Allaitement maternel et cancer du sein : une prévention sur plusieurs fronts
Daniel Gray, chercheur de Institut de recherche médicale Walter et Eliza Hall Victoria a commenté l'étude, la qualifiant de robuste pour l'analyse de plusieurs groupes de femmes. « Elle pose les bases pour comprendre comment les lymphocytes T CD8+ conservent une "mémoire" de l'allaitement », explique-t-elle.
La question suivante est : pouvons-nous reproduire cet effet en laboratoire ?
L'idée est de développer des approches qui reproduisent l'effet protecteur de l'allaitement sans nécessiter de grossesse. Cela pourrait être utile pour les femmes atteintes de Mutations génétiques BRCA ou d'autres facteurs de risque élevés.

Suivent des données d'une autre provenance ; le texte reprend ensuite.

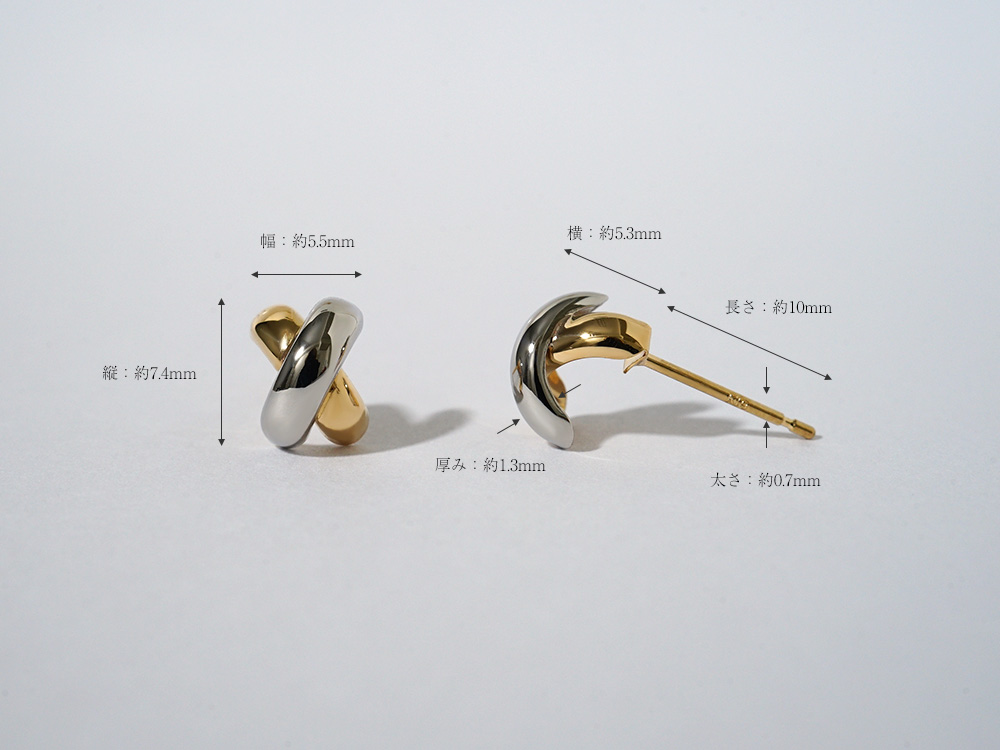 K18/Pt クロッシング コンビ ピアス レディース 女性用 18K 18金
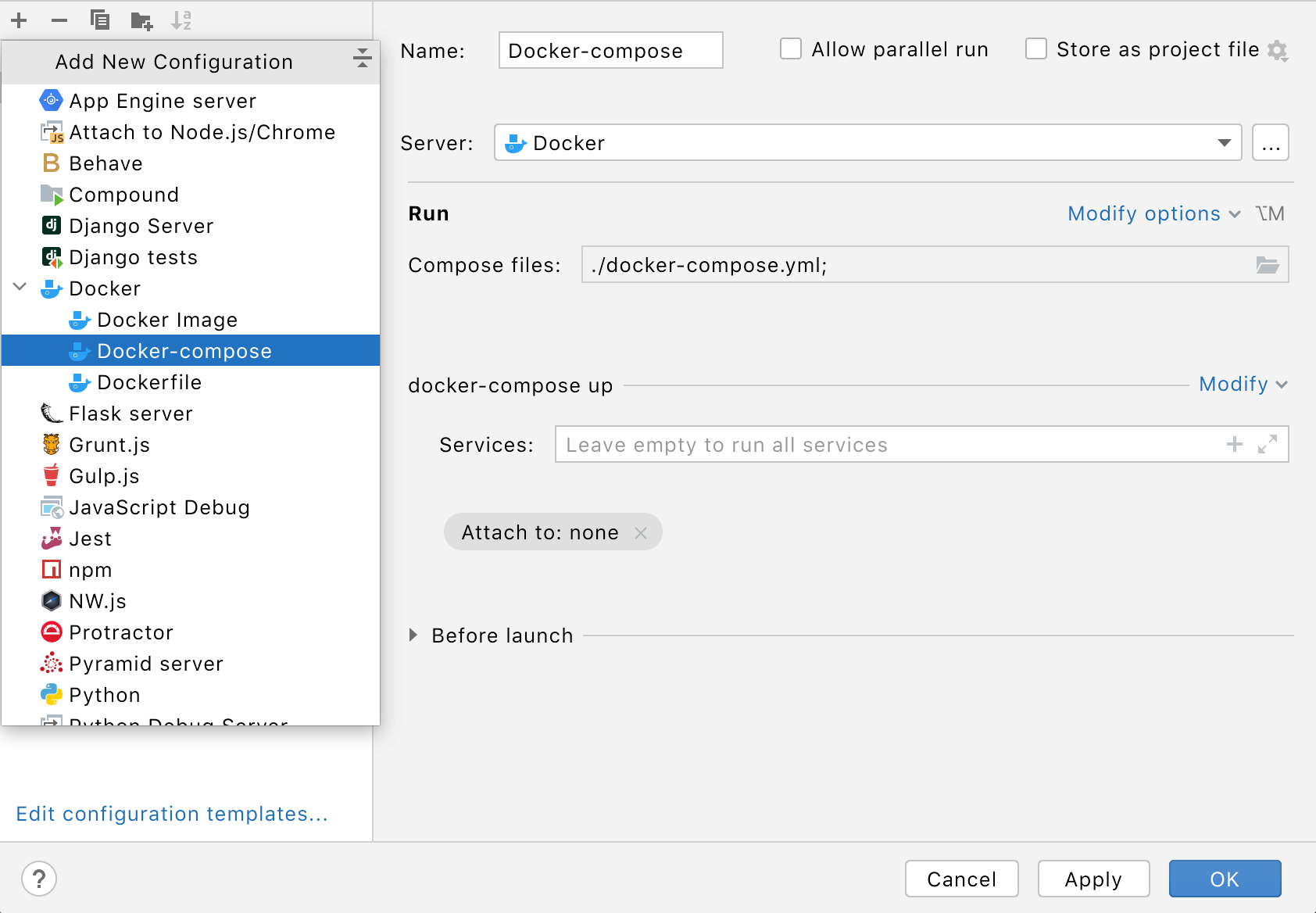 Docker Compose 运行配置 Docker Compose 运行配置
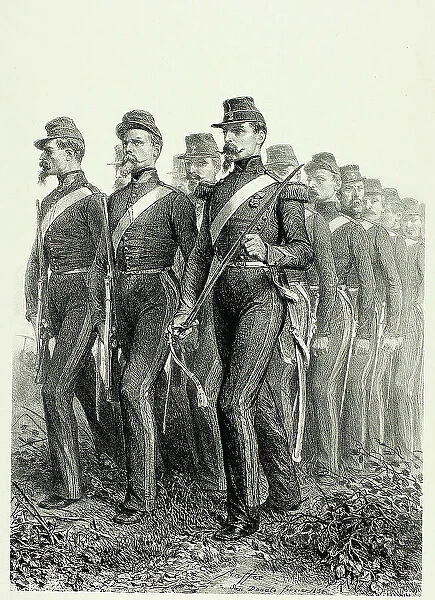 Artillery men, from Souvenirs d'Italie: Expédition de Rome, 1858. Creator: Auguste Raffet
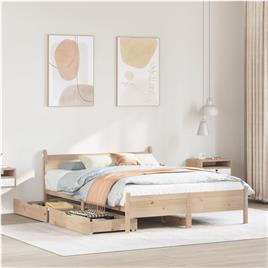 vidaXL Cama sem colchão 140x200 cm madeira de pinho maciça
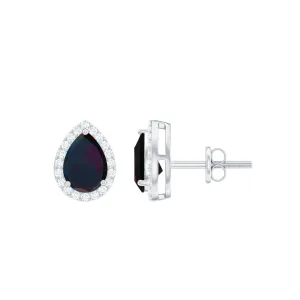 1.5 CT Classic Pear Cut Black Opal and Moissanite Halo Stud Earrings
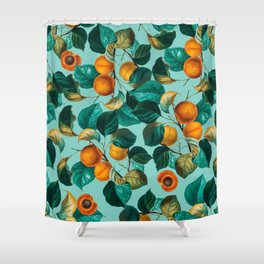 Peach and Leaf Pattern Shower Curtain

Mais nous sommes encore loin des applications cliniques. Pour l'instant, la recherche nous indique que le corps possède des stratégies de défense bien plus sophistiquées qu'on ne le pensait. Et que l'allaitement n'est pas seulement une alimentation pour le nouveau-né : c'est un investissement biologique à long terme pour la mère.
Qui sait si nous pourrons exploiter ces connaissances pour protéger même celles qui n’ont jamais allaité, ou si elles resteront un avantage évolutif accessible uniquement à celles qui complètent ce cycle spécifique.
Pendant ce temps, nous savons que ces lymphocytes T restent là, en alerte. Pendant cinquante ans. Ou plus.